If in my quest to avoid conflict, confrontation with people I consider friends and even some of my family members, I kept the “peace”. Had it come at a dreadful cost? If so, I found assurance that it’s a failure that won’t define me. I know I voted the way I was lead to by God, the Father. Yet, I also know people who would say the same thing about themselves who voted exactly opposite of me.
If God was leading all of us, then how did we end up at such radically different decisions when our pens touched the ballots this week? If anything should absolutely mirror us the exact same, it should be the Word of God.
Now if you don’t believe in God, or His Word and have no respect for either or anyone who does, that would answer the question immediately. I’m not talking about those who choose this way to live. I’m talking about those of us who claim we do.
"The story's never over, If the story isn't good, Failure's never final When the Father's in the room."
This portion of the son brought load of tears to my eyes. If I am the one who has sinned and refused to listen to the Father’s directive, “the story” isn’t over even if it isn’t good. God will take my failure and make something good out of it. That’s the kind of God He is. Now, He won’t remove the consequences of my sin (if in this case I am the one who is wrong) but He is prepared to help all of us through the next four years. The story doesn’t end here, in these moments.
After investing a lot of time into researching a lot of the candidates and their respective parties, I have come away with a cynical, very cynical view of main stream media. Plus, so many of the alternative sources as well. Add to that the candidates themselves.
For example, in my home state we had a long-term Democratic senator on the ballot for re-election. Not sure of the reasons why exactly the Alabama Republican Party put forth a former instate SEC football coach to challenge him. In my research this coach was a decent coach but he has no political experience and at the time of his nomination was a resident of Florida.
Was this the best we had? Maybe so. Would you run for a political office given the cess pool politics has become? I sure wouldn’t. Maybe that’s why our pool of choices was so limited.
I voted for the coach simply because my conscience wouldn’t allow me to vote for the now outgoing senator. He was the least of two evils.
"Miracles take place The cynical find faith And love is getting through When the Father's in the room. Jericho walls are quakin' Strongholds now are shakin' Love is breakin' through When the Father's in the room..."

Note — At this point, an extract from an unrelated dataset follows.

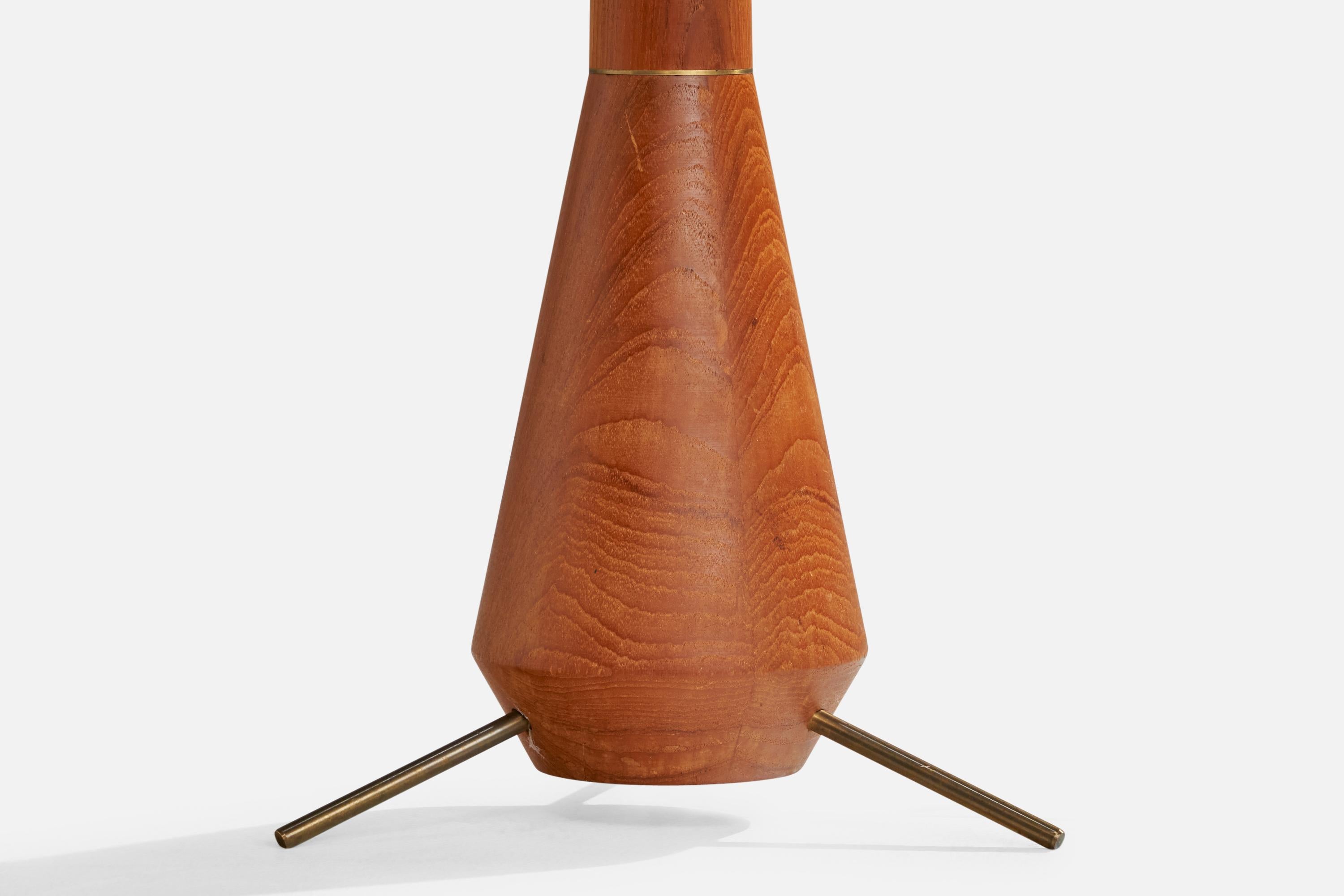 Ottone Lampada da terra di design danese, teak, ottone, tessuto, Danimarca, anni '50 in vendita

With those words I could picture all of our prayers combining this morning, upholding one another, a crowd of around a hundred people (and more not knowing how many were viewing our service on Facebook or YouTube), lifting our hearts and voices in prayer.
I could almost hear the steady thump, thump of the feet of the children of Israel as they marched around Jericho in silence until the last day. Or were those our feet marching around Washington D.C.? The strongholds shaking were those of the past or of the current? Right down to the private ones we hid in our lives?
We were certainly reaching God. I could almost see the movement between us of the Holy Spirit. Was this same uplifting happening in every other House of Worship this morning? If not, why not? If we’re all worshipping the same God, how can we be so divided?
Not just on abortion, healthcare, taxes, jobs, foreign relations, racial relations, education to name a few, but on the foundational stones of our society and our lives? Things like truth? Trust? You absolutely cannot build any relationship if there is not 100% honesty so there can be 100% trust.
I’m blessed again by being able to say, I was able to understand all this even before our pastor preached. He too brought the Gospel and the truth.